* Task goal
Write out the line with "Leonisa Large Red" and every later line through the end of the data below, exactly as given, with no pictures in the copy.

* Dataset excerpt
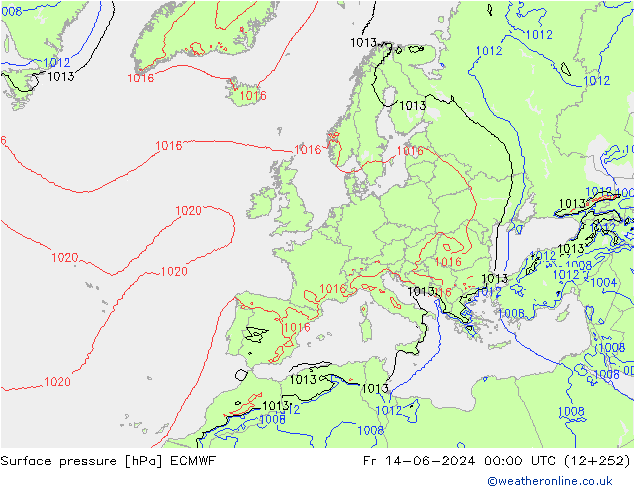 Atmosférický tlak ECMWF Pá 14.06.2024 00 UTC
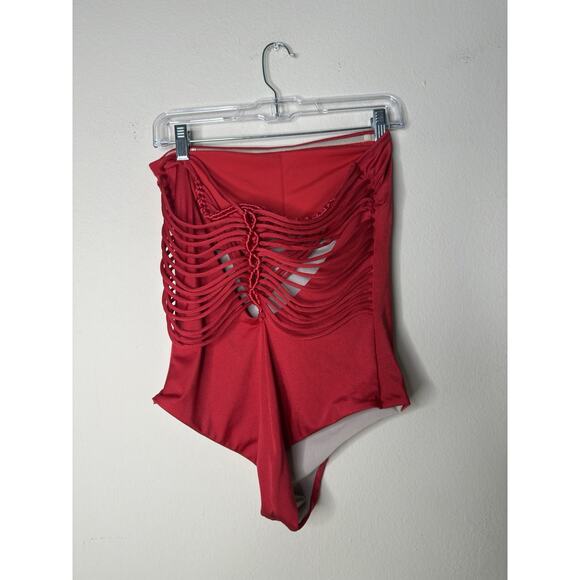 Leonisa Large Red Strappy One Piece Swim Beach Logo Women Swimsuit Travel Tropic - Picture 5 of 7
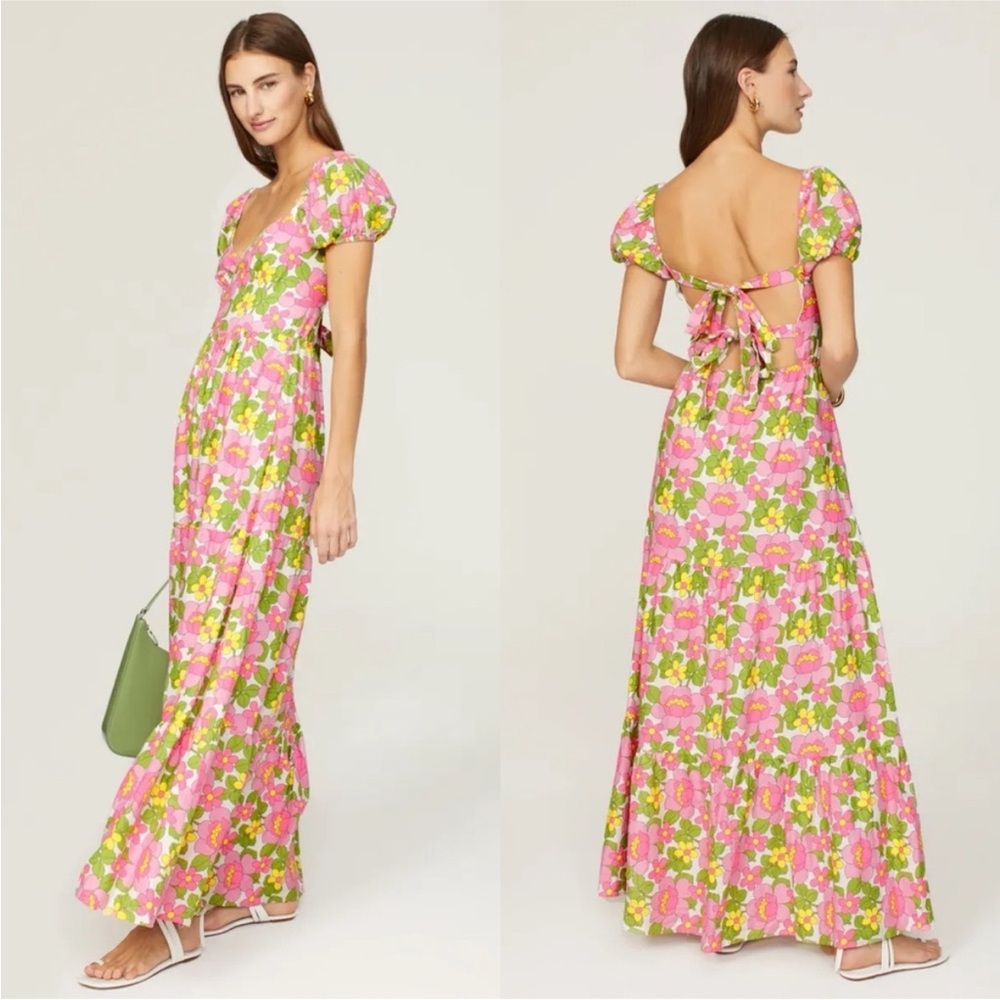 Show Me Your MuMu Pink & Green Floral Maxi Dress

* The completed task
 Leonisa Large Red Strappy One Piece Swim Beach Logo Women Swimsuit Travel Tropic - Picture 5 of 7
 Show Me Your MuMu Pink & Green Floral Maxi Dress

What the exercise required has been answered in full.